Edição 6

Eu não fazia nada

Lindsey Rocha

eu não fazia nada, e eles me amavam. amavam a forma entrecortada do meu ser, sem as palavras que um dia escrevi. nada. quase nada do que pode meu silêncio desaguar. mas eles, mesmo assim, me amavam. não foram muitos. foram, enfim, ignorantes das pautas que eu oferecia e que, em minha companhia, esperavam a transparência das linhas tortas tobogãs risadas cachecóis caixinhas ímãs de desapego para sempre mais...

amavam o que nem sei, posto que os caleidoscópios que viam eram o esboço de um desenho que nunca estampei. então, um dia, saí de casa inteira miçanga, índia velha no corpo de moça, balançando cores fortes para uns olhos de lince escondidos no meio do verde.

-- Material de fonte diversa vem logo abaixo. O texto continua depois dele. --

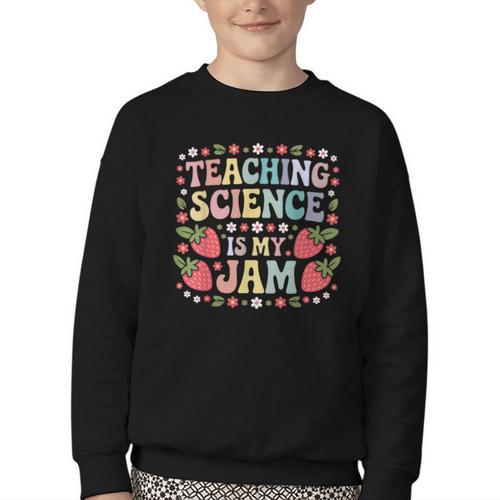 Teaching Science Is My Jam Retro Back To School Strawberry Youth Crewneck Sweatshirt - Savourry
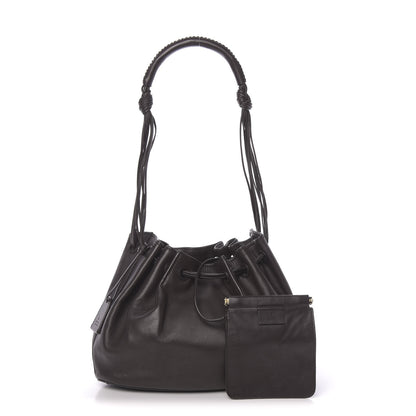 Gucci Calfskin Drawstring Shoulder Bag Brown 1 of 10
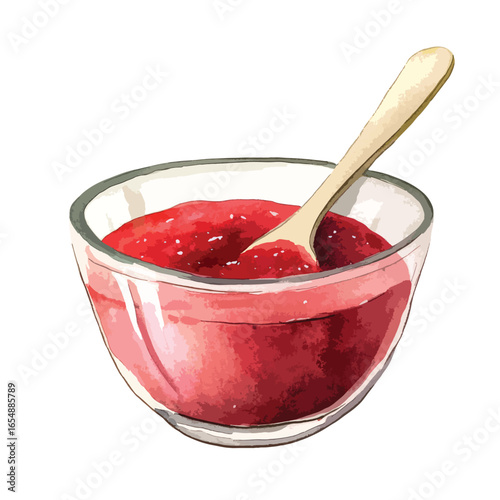 Watercolor Illustration of Red Berry Jam in Glass Bowl with Wooden Spoon
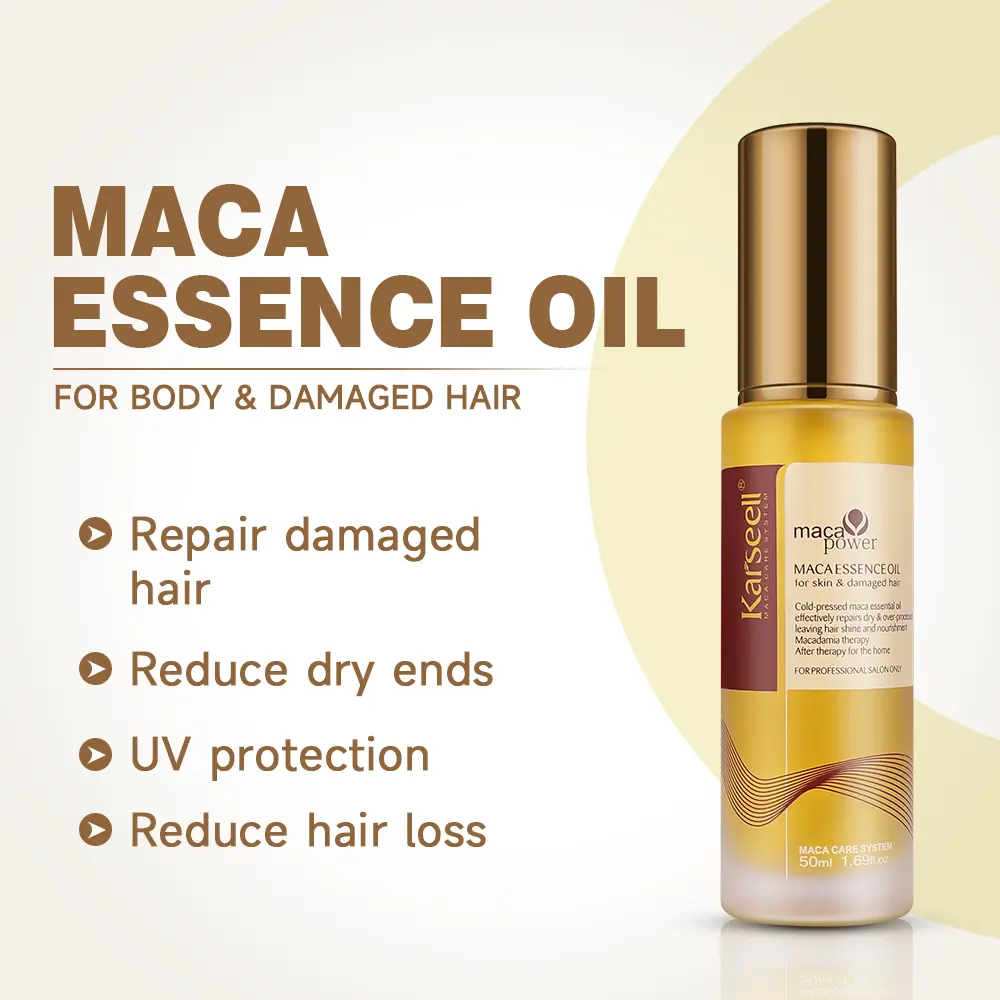 毎日のヘアケア修理のためのKarseell Maca Essence Oil 50MLの製造ダメージヘア栄養ヘアオイル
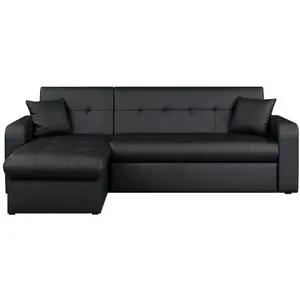 Comparateur de prix : ROMAN Canapé d'angle réversible convertible 3 places - Simili noir - C...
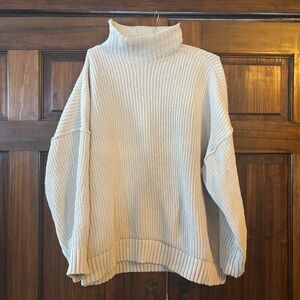 Aerie Oversized Oversized Cream Mock Neck Sweater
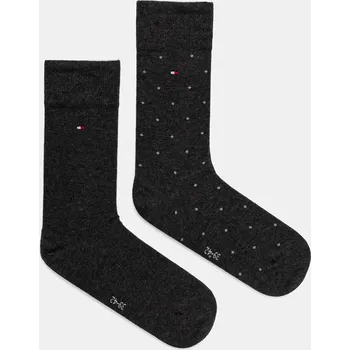 Pánské ponožky Ponožky Tommy Hilfiger 2-pack pánské, šedá barva, 701230780 701230780.NOS 90Y, vel. 43/46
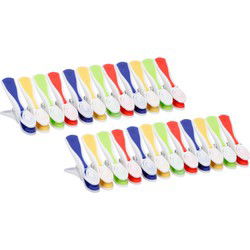 Wasknijpers - 96x stuks - multi-kleur - kunststof - wasspelden - Knijpers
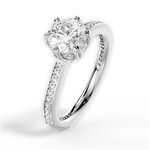 Louise Round Cut Lab Grown Diamond 14Kt White Gold Engagement Ring - View 4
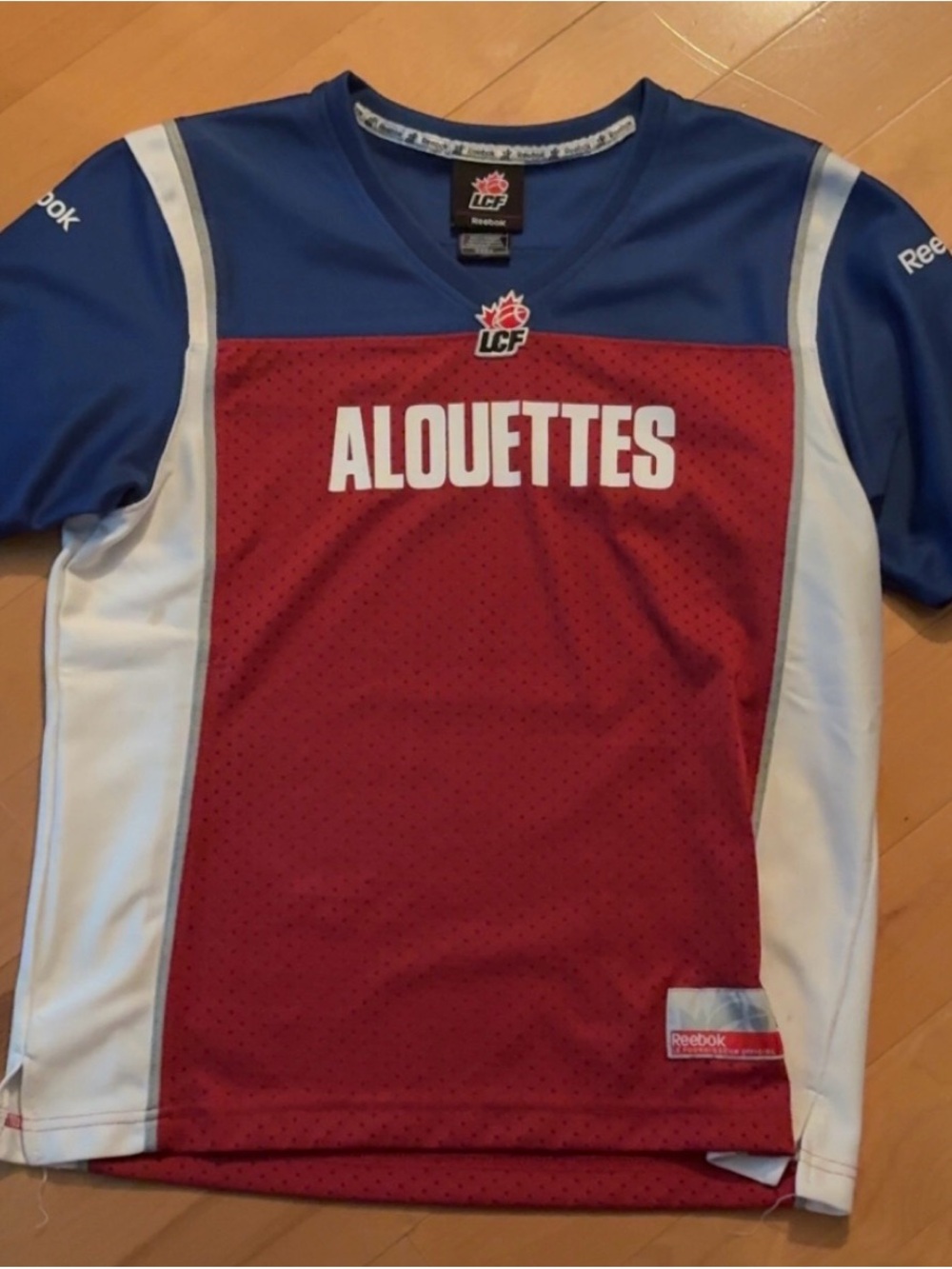 Reebok Alouettes Kids Red, Blue and White Football Jersey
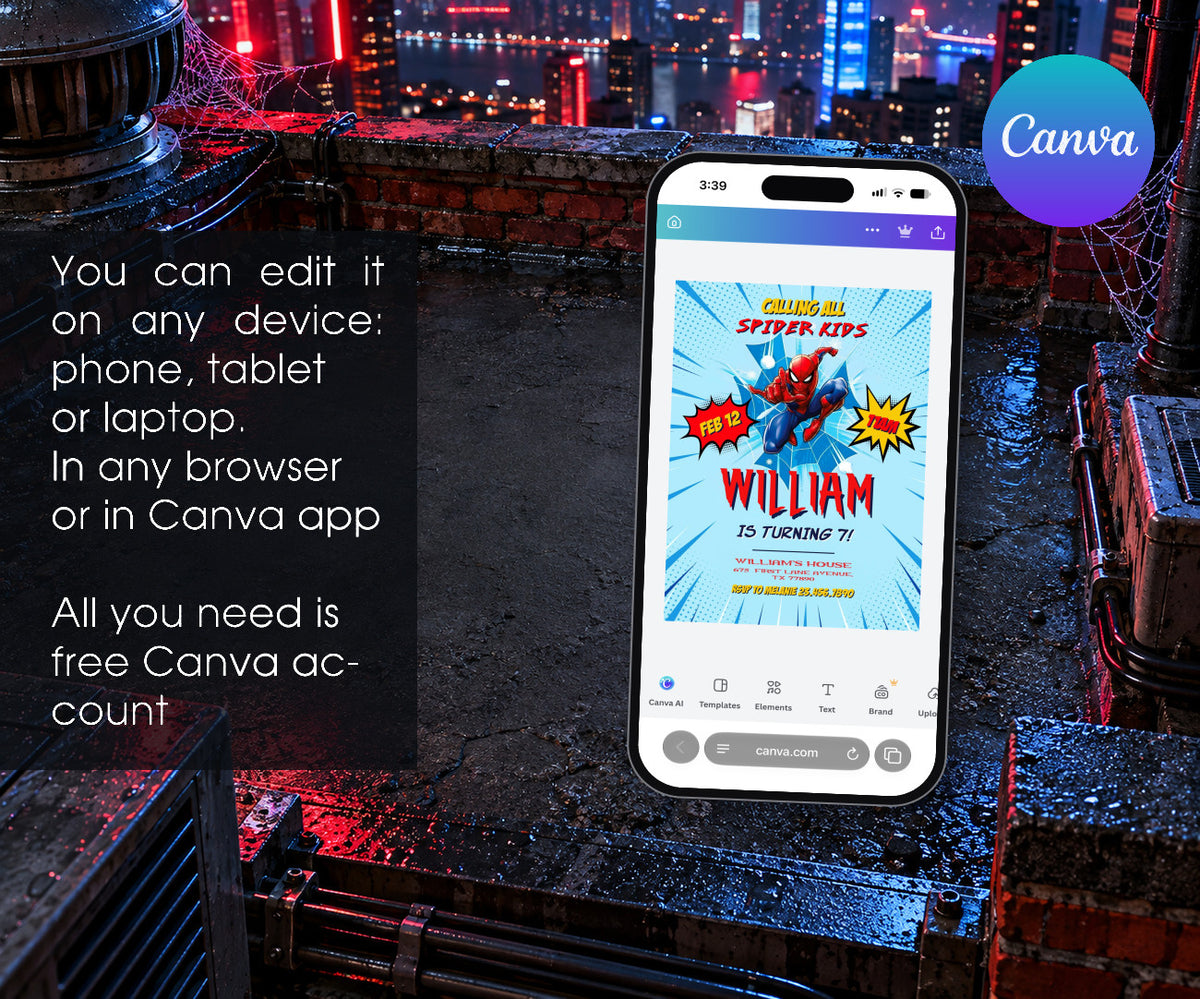Spider-Man Spiderman Marvel Superhero Invitation mockup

lua cheia de mim mais nova minguando e, depois, crescendo para cadernos de música. aí, vi minhas páginas rasgadas na palma daqueles olhos, que as comia sem saliva sem dente goela abaixo ânsia. nem corretivo. nem caligrafia. então, a capa do meu amor, reprodutor de folhas brancas - nervuras de um silêncio que se engole a seco - brota cartão postal; menos que isso, email...

vi a mão daqueles olhos jamais desejando seios. vi as pernas daquele olhar chutar bolinhas do meu papel. vi minha biblioteca queimando embaixo da escada. ouvi um homem gritando à alma de uma mulher e senti uma labareda na garganta.